Future research should incorporate functional neuroimaging to explore the functional significance of structural alterations. Examining comorbid psychiatric conditions and their impact on brain structure would deepen our understanding of neurobiology–psychopathology interactions. Additionally, including recovered individuals could clarify whether neurobiological changes are reversible and distinguish between state‐ and trait‐related alterations in AN.
Conclusion
5
This study provides new insights into the neurobiological underpinnings of AN, demonstrating significant reductions in precuneus CTh and its associations with key psychological dimensions. These findings highlight the role of the precuneus in self‐referential processing, body image perception, and emotional regulation. While reduced thickness correlated with greater eating disorder symptomatology, and anxiety, unexpected positive associations with social insecurity, autonomic nervous system reactivity above the diaphragm, and alexithymia suggest a complex interplay between starvation‐related cortical thinning and potential delays in synaptic pruning.

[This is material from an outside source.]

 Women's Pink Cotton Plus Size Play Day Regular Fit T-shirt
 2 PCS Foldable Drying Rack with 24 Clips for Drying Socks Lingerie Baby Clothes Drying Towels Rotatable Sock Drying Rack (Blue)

Exploratory analyses further indicated broader alterations, including reduced mean CTh and changes in frontal and parietal regions, while global volumetric measures remained unaffected. Together, these results emphasize the importance of both focal and widespread cortical changes in AN. Despite limitations of sample size and cross‐sectional design, the use of advanced neuroimaging and psychological integration strengthens our findings, and future longitudinal studies are needed to clarify their functional and clinical relevance for treatment and recovery.
Author Contributions
Irina Jarvers: conceptualization, methodology, software, validation, formal analysis, data curation, project administration, writing – original draft, writing – review and editing, visualization, funding acquisition. Raphael Degmayr: methodology, software, validation, formal analysis, data curation, writing – original draft. Alexandra Otto: conceptualization, investigation, validation, writing – review and editing. Ricarda Jacob: conceptualization, investigation, validation, writing – review and editing. Wilhelm Malloni: conceptualization, data curation, validation, writing – review and editing. Stephanie Kandsperger: conceptualization, investigation, validation, writing – review and editing. Daniel Schleicher: conceptualization, validation, writing – review and editing. Angelika Ecker: conceptualization, validation, writing – review and editing. Isabel Wiesinger: conceptualization, validation, writing – review and editing. Christina Wendl: conceptualization, validation, writing – review and editing. Mark Greenlee: conceptualization, resources, writing – review and editing, supervision. Romuald Brunner: conceptualization, resources, writing – review and editing, supervision, project administration.
Ethics Statement
All procedures involving human participants were approved by the Ethics Committee of the University of Regensburg on the 23rd of June, 2021 (reference number: 21‐2438‐101).
Conflicts of Interest
The authors declare no conflicts of interest.